> _Work item_
From the first line to the last, set down the material exactly, leaving out its pictures.

> _Collected data_
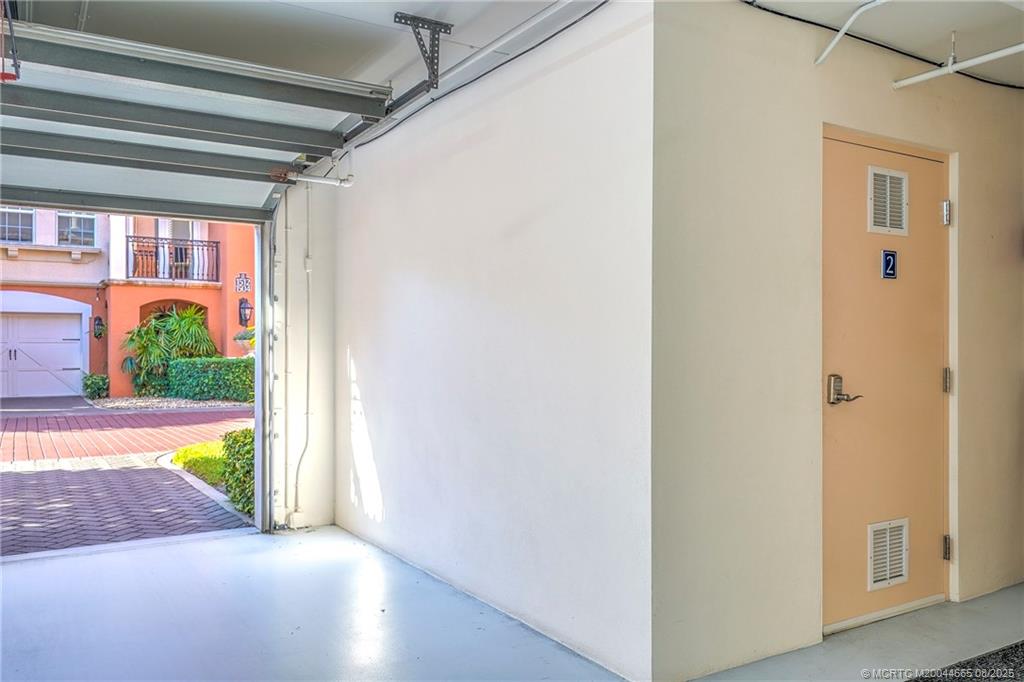 Jensen Beach, Florida 34957, United States, 3 Bedrooms Bedrooms, ,4 BathroomsBathrooms,Residential,Active,59313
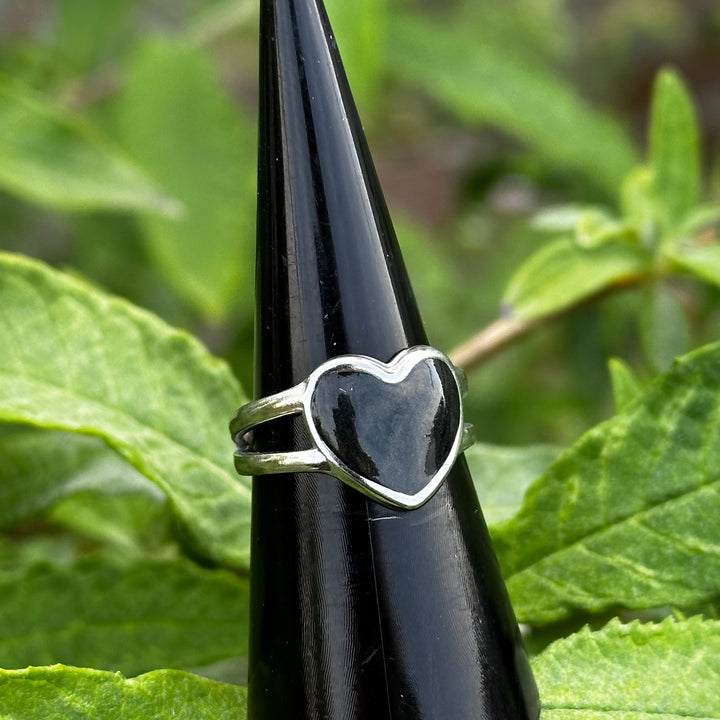 BLACK HEART ADJUSTABLE RING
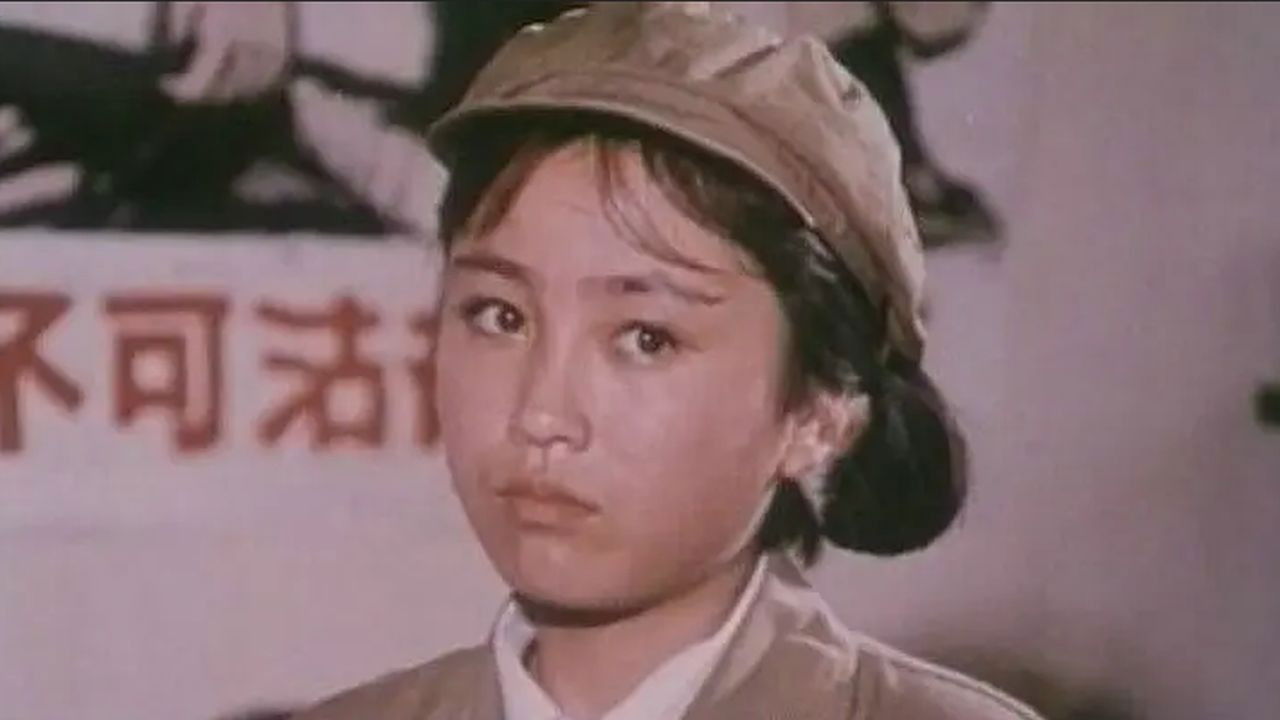 Mang guo zhi ge backdrop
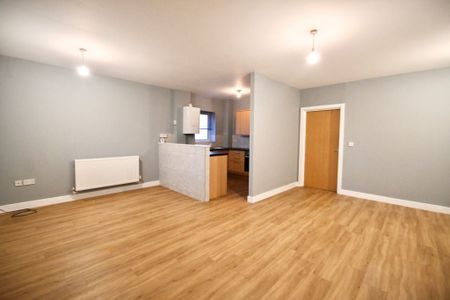 Watch House Lane, Doncaster - Photo 2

> _Answer below_
 Jensen Beach, Florida 34957, United States, 3 Bedrooms Bedrooms, ,4 BathroomsBathrooms,Residential,Active,59313
 BLACK HEART ADJUSTABLE RING
 Mang guo zhi ge backdrop
 Watch House Lane, Doncaster - Photo 2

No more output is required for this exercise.